It’s About Being Intentional

I’ve written before about the importance of communication for any job, but it’s different when you have a remote team.

Being remote is different. You have to over-communicate to make sure that people are in the loop. You have to create collaboration opportunities and build camaraderie purposefully, and they can’t be team trust falls. You have to get creative about how you work together and interact.

Most of all, you have to be purposeful about it. You have to create opportunities for people to interact and allow them the freedom to create their own patterns and relationships. You have to learn how to work asynchronously so that you can have more meaningful meetings.

I’ve said it so often that some of you might even be tired of hearing it, but I want to take that same thought and apply it somewhere else.

I came across an article this week about the isolation of working remotely.

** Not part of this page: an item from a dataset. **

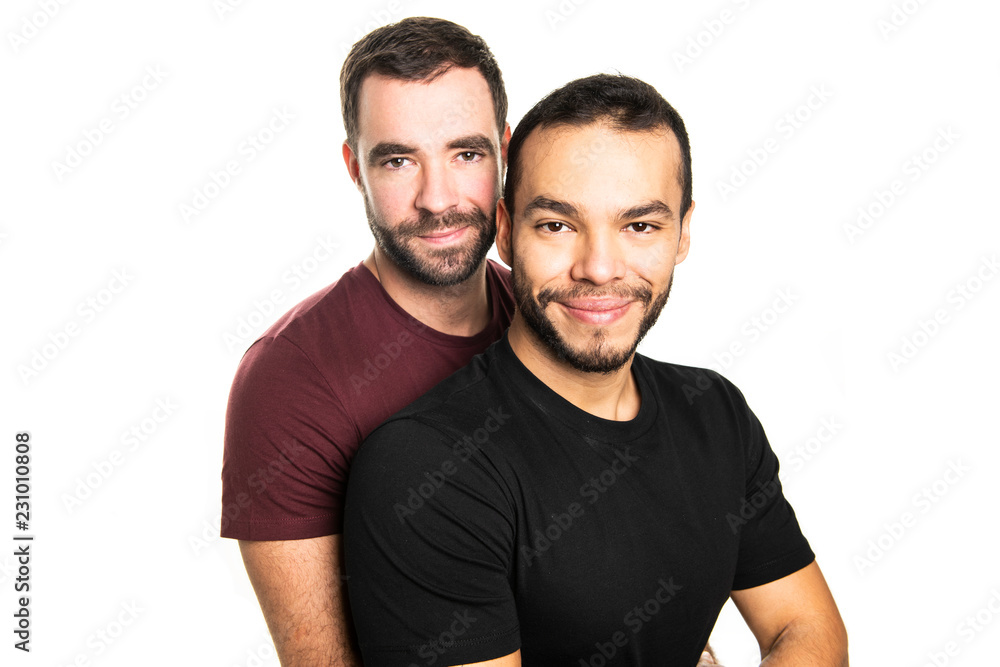 Young homosexuals gay couple love each other on a white background. Young homosexuals gay couple love each other on a white background.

Overcoming Isolation in Remote Work: Building Connections in a Virtual World

They offered some ideas for how to build or maintain connections but as I read them I kept coming back to that same word, intentional. When I’ve talked about the culture of a team or communicating with your team I’ve thought a lot about how we have always been a bit lazy. We’ve simply allowed the culture to exist based on putting people in the same space and communication just magically happened! That’s been true for managers but all of us have gotten lazy when it comes to areas of our own lives. When I read about the importance of workplace friends, for example, I started thinking about intention again. The reason workplace friends have become such an important part of our lives is because that’s the easy place to make friends. We spend enough time working together that sometimes we become good friends. (Side note – I met my wife at work, and have a great number of friends I met at work. I’m not against the idea. I’ve clearly benefitted from it. But, because I could make friends there I haven’t put much effort into meeting people outside of work.)

As I said, it’s not that being a remote worker means we won’t have any friends. We just have to be more intentional about it. We have to find ways to interact socially with our current friends and be in spaces, physical and virtual, where we can meet new people.

You’ll read plenty of hot takes about remote work. Whether it be how difficult it is to build any culture or connect with your team, you’ll get lonely, you won’t get promoted, or mentored, etc. It’s not that the authors of these posts are lying to you, but they are also unlikely to point out that none of these things have to be the way they are. They can all be overcome when someone decides to act with intention.

Spend some time thinking about the things that haven’t happened with your team and ask yourself what action you intentionally took to make it better. If your answer to that question is nothing beyond just doing things the way we’ve always done them, you have your answer as to why it didn’t happen.